As regards Kavanagh's crime, I state here—and if I am wrong let the Minister contradict me—that Kavanagh was sentenced for this robbery and he was released. The Minister stated here in the Dáil:

"Kavanagh was, as a matter of fact, released on licence but he did not carry out the terms of his licence. Instead of conducting himself as a law-abiding citizen he took a completely different course and his licence was in consequence revoked."

I say in answer to that matter that the conduct unbecoming a law-abiding citizen was that he gave information about the treatment of a prisoner. They have him again and I suggest that he may be punished again for that now. Anyway the charge was that he gave this information about some of his fellow-prisoners who had been badly treated.

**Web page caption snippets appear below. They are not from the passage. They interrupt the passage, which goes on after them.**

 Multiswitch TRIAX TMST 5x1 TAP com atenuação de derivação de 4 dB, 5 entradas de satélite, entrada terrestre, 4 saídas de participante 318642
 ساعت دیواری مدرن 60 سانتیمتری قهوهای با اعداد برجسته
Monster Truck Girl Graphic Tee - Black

He also put up posters describing that treatment. That was what brought this unfortunate man into jail again. He is punished for a crime that there is every reason to believe, at least if we are allowed to prove it, was provoked by a person who has been certainly very leniently treated by the Government.

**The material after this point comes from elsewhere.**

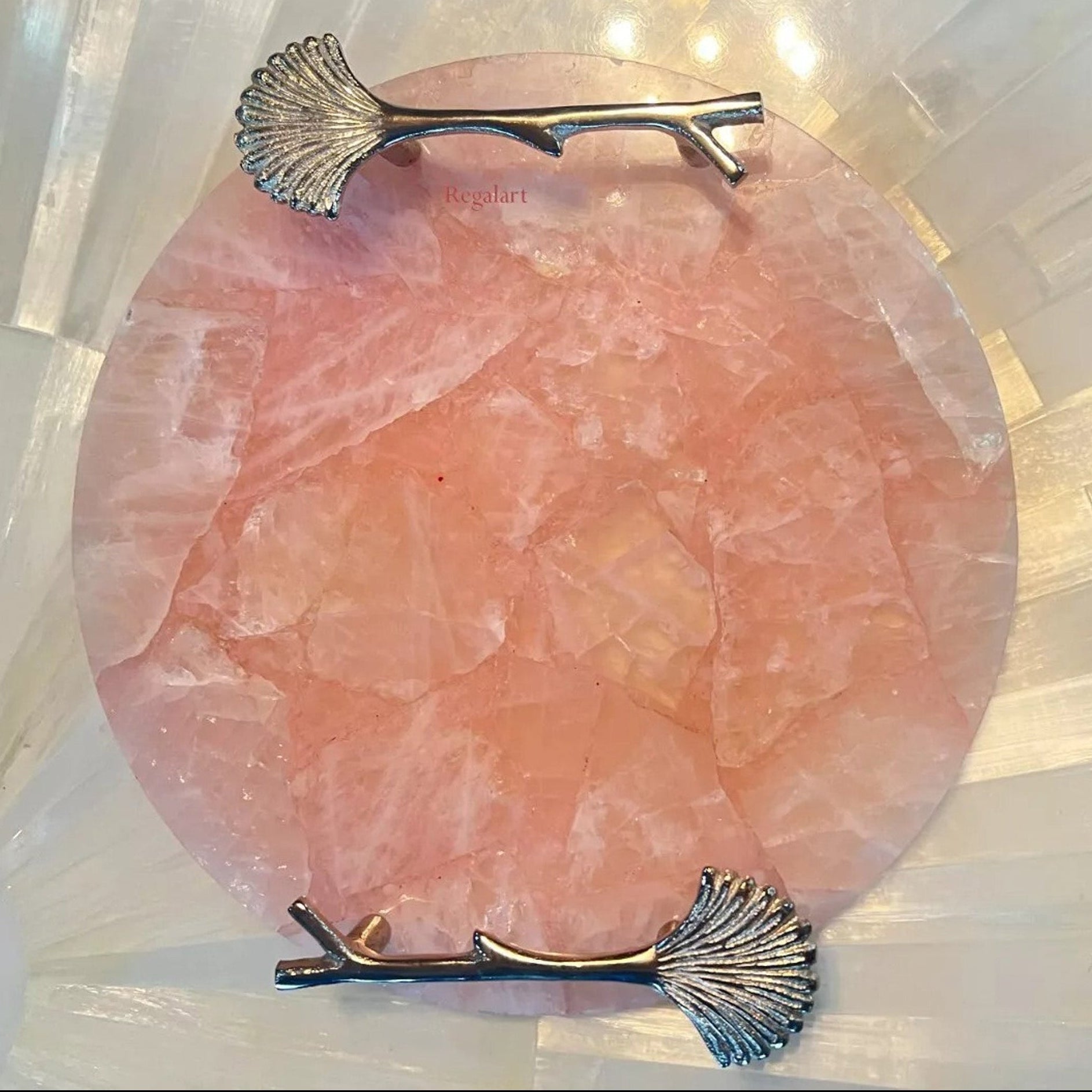 Rose Quartz Serving Tray | Luxury Tray Home Decor Gift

I come now to another class of prisoner and here is where the value of the present Minister comes in, the value of the Minister to his Party. Happy man. I was in jail for four years. He was never in jail. He tells us here about two men who are in jail for the last four months, to wit Michael Price and Sean Russell. I wonder would the Minister for Local Government and Public Health who sat on the same Council with Sean Russell during the Black and Tan time, come here and say that Sean Russell is a criminal.

The point I want to make is, that the Minister tells us that these men are not prisoners at all. What are they? They are not prisoners? No, they are only in gaol. If the Minister ever had the experience of being a prisoner himself, especially of a prisoner awaiting trial, he would know that that period is really the worst part of the imprisonment. I was in that position myself a couple of times, and I can tell the Minister that that period is really the worst, because during it a man is stuck in and gets 22 hours solitary confinement. These men are now there four months. The Minister says, I suppose in his innocence—perhaps that is the mildest way of putting it— that they are not prisoners at all. I refer him to his own speech.

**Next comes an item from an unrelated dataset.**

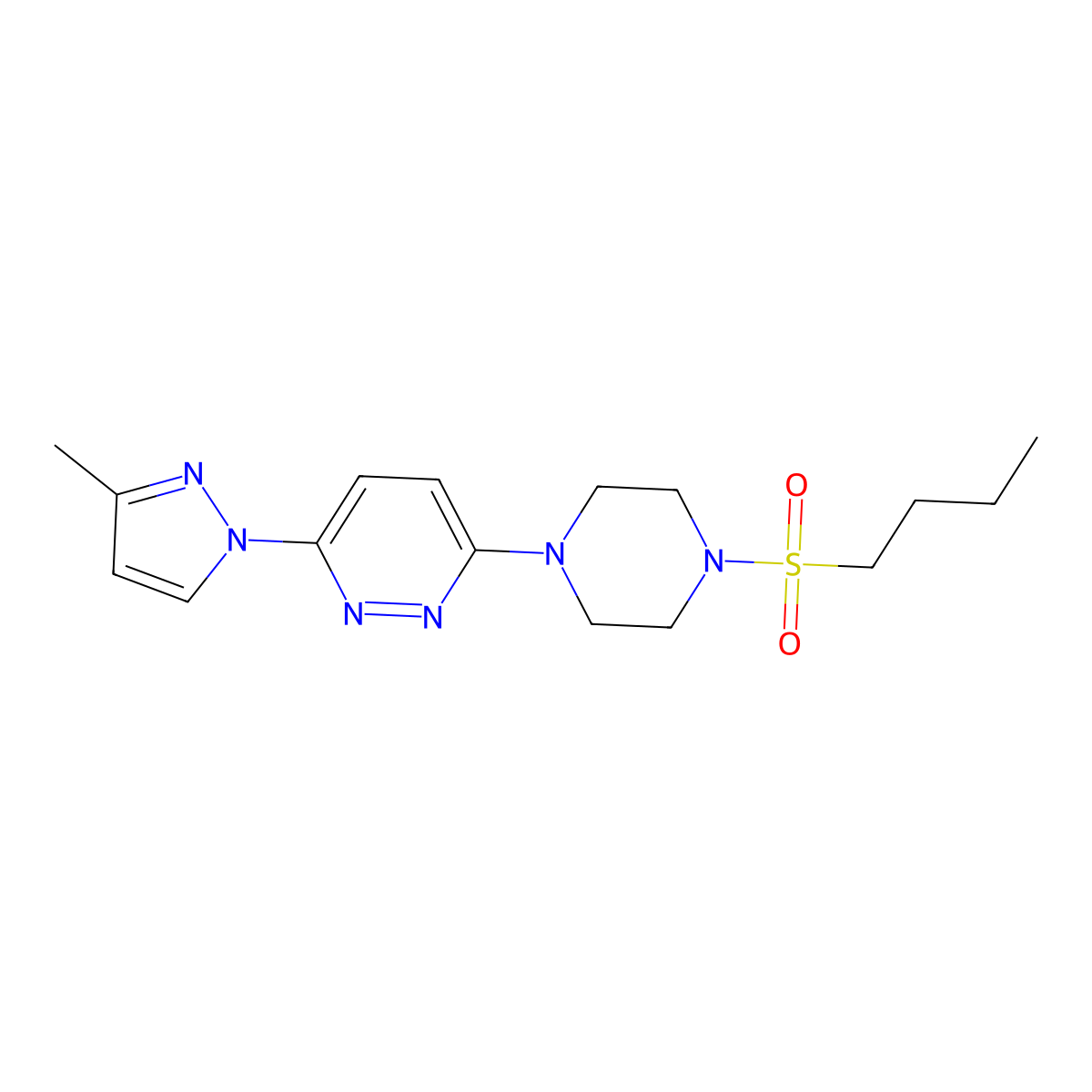 3-[4-(butane-1-sulfonyl)piperazin-1-yl]-6-(3-methyl-1H-pyrazol-1-yl)pyridazine molecular structure, CAS 1019104-27-8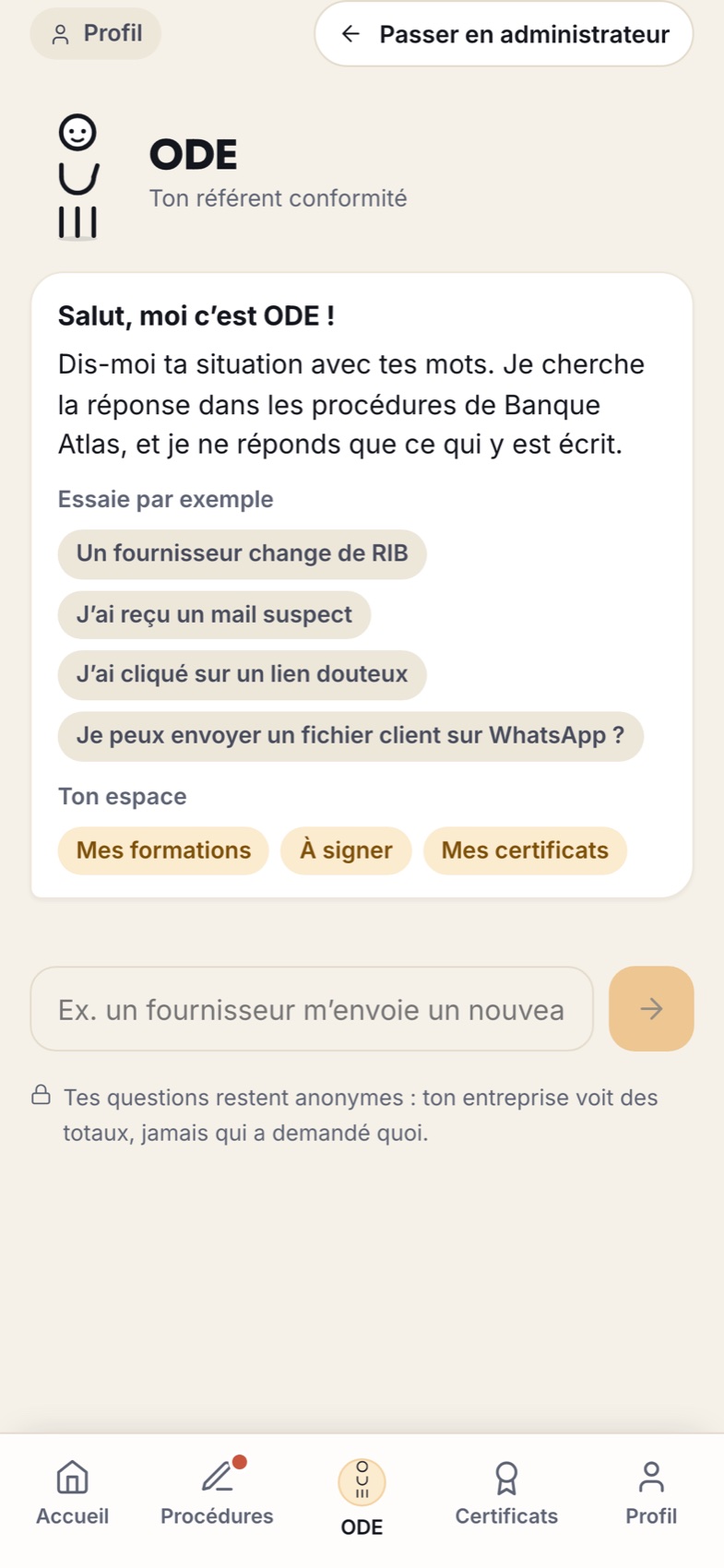 ODE dans l’application : exemples de questions et accès aux formations, signatures et certificats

I explained that they were brought to trial, that they refused to speak when a jury was empanelled, and that they are still untried prisoners.

They are prisoners now.

The Minister has now qualified it. This brings me to another case, of one who is a prisoner now. This man has been referred to as a prisoner, and, therefore, I think I am in order in speaking of him. It is the case of my friend, Ned Reilly. We had occasion previously to raise the case, amongst a number of others, of this man. I do not think the Minister opposite would call Reilly a criminal. I would not like to hear him call him a criminal, any way. The Minister said this man was not a prisoner at all, but he was in gaol for practically twelve months. During one of my usual interruptions I accused the Minister and the Government of trying utterly to break Reilly. He was a man who lost his health in the struggle against the British. He was one of the best men in Tipperary, and was suffering from neuritis. I was assured by the Minister, when I referred to this case on a previous occasion, that the man had gained in weight and improved. I met this man when he came out, and I can say they fairly well succeeded in breaking him. The man is a physical wreck, I regret to say. He was twelve months in gaol as a prisoner.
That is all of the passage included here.